Answer: In the just war tradition, and obviously that was something that developed over the course of Catholicism, a warrior was sent off, could not come back and reenter a congregational life until they had gone through a sacrament of confession and penance, right? So there was a type of cleansing on returning to the body of faith. I think at a minimum, and by the way I’m pushing our Chaplains in our forces… I’m pushing our Chaplains in Europe, at least where I’ve been… as we consider if we’re preparing to deploy forces and we’re going to war and then receive them back into the same communities, whether they’re Catholic, Protestant, whatever, to have sending rites of blessing and consecration for those warriors and for their families, and then when they return some sort of theological appropriate rite or sacrament or ordinance to receive them back into the life of faith but to help them then face what they’ve experienced in the war.
Over and over again one of the things that we are beginning to see as we study issues of moral and spiritual injury is that to… Number one, as Marc LiVecche has written brilliantly, moral formation acts as a hedgerow against future moral injury in war, right?

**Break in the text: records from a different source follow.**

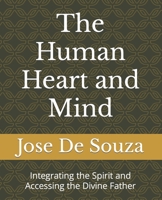 The Human Heart and Mind: Integrating the Spirit and Accessing the Divine Father B0C6C6269S Book Cover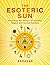 The Esoteric Sun: Unlocking the Secrets of Alchemy, Magick and Sacred Symbols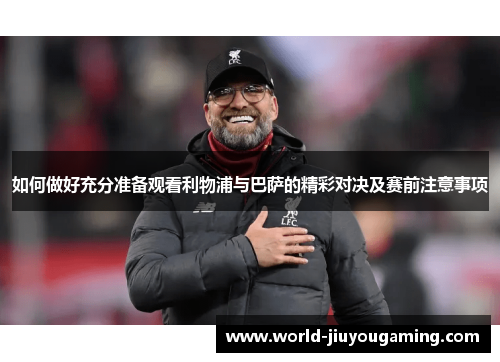 如何做好充分准备观看利物浦与巴萨的精彩对决及赛前注意事项 如何做好充分准备观看利物浦与巴萨的精彩对决及赛前注意事项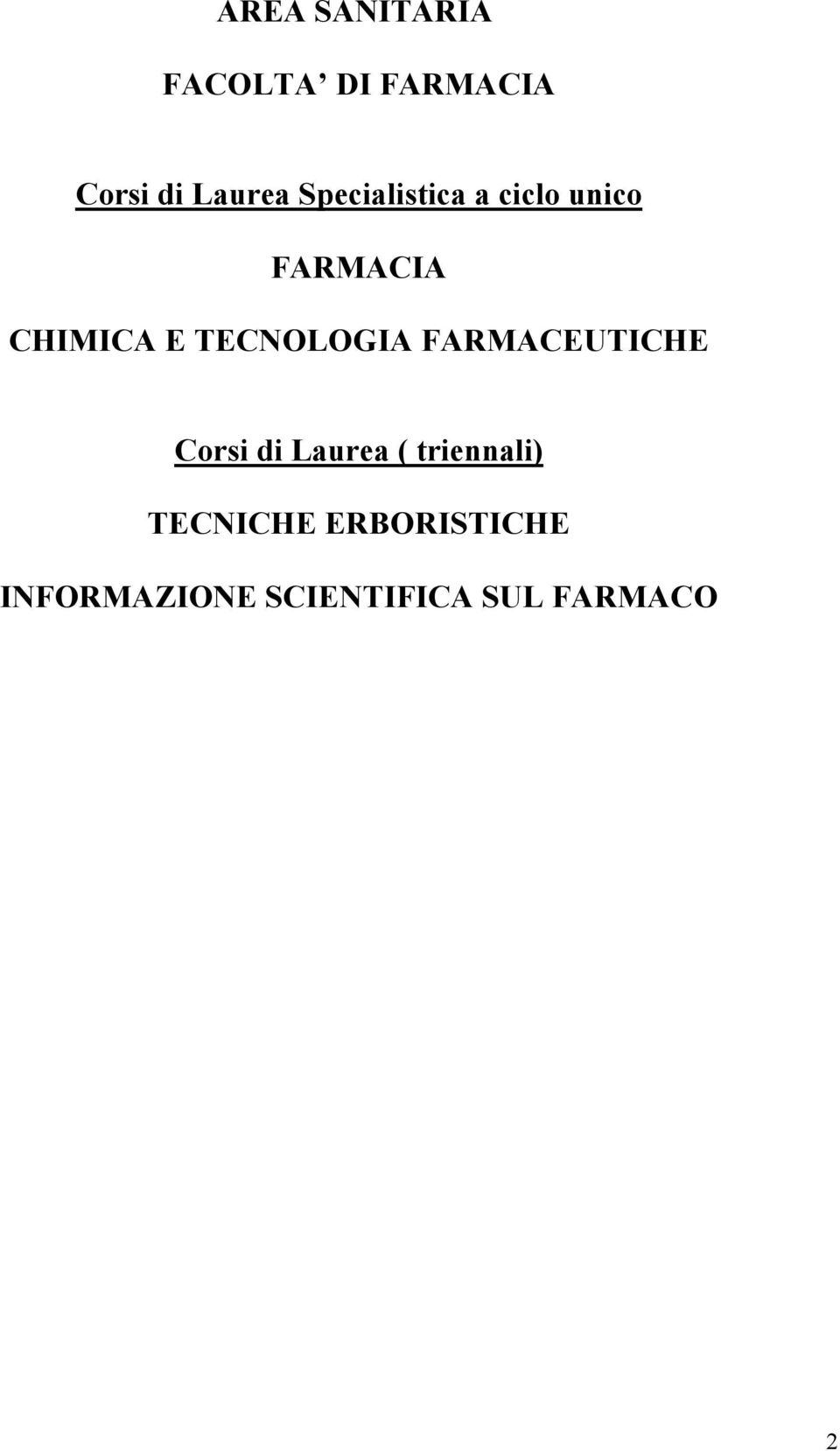 TECNOLOGIA FARMACEUTICHE Corsi di Laurea (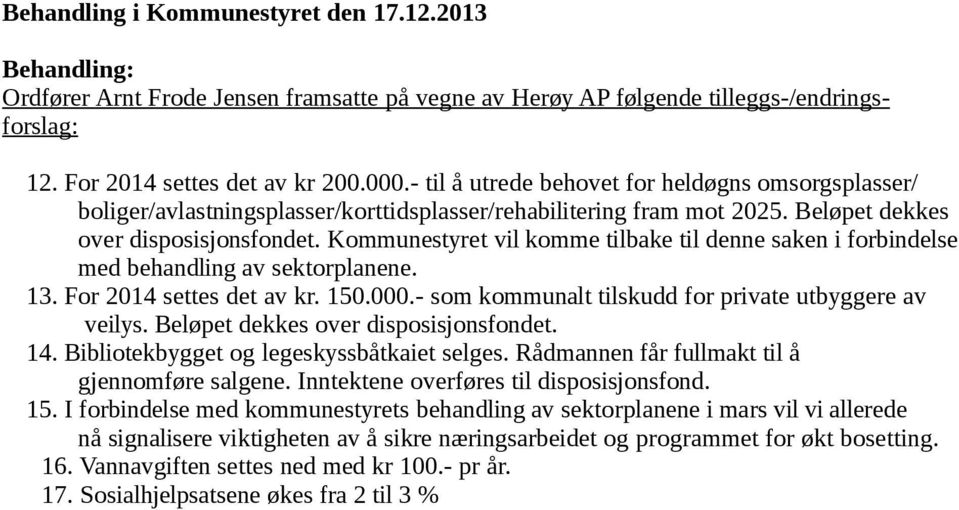 Kommunestyret vil komme tilbake til denne saken i forbindelse med behandling av sektorplanene. 13. For 2014 settes det av kr. 150.000.- som kommunalt tilskudd for private utbyggere av veilys.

So the more well-formed our warriors are morally, the less likely they are to have lasting damage from moral or spiritual injury.
But secondly, when they do return and we provide them with those rites, they have a vehicle then to face what they’ve done and perhaps then share that injury within the family system and for the type of healing to become a type of healing for the family as well. And then for the community to re-embrace them. That would be at a minimum. At a minimum. But I can’t overstate the importance prior to that of well thought-out intentional programs of moral formation, principally through institutions.
Question: Hi. Clare Brenden, Virginia University. I was just curious because we were talking about the Church’s need to step in to lessen the gap between the American public and the American forces. What methods do you imagine as being most effective for accomplishing that?
Answer: Well again, so, my charge here would be to denominations as a whole to make that a national priority as a denomination. And Frankly, I know many denominations who are in pressure just to keep the lights on and to try to look at things like evangelization and things like that. I know that there are a lot of priorities. But, to make that a national priority at the denominational level with considered, well-formed programs of religious education morally for warriors and their families, and their adherence to become the life of citizens of the republic.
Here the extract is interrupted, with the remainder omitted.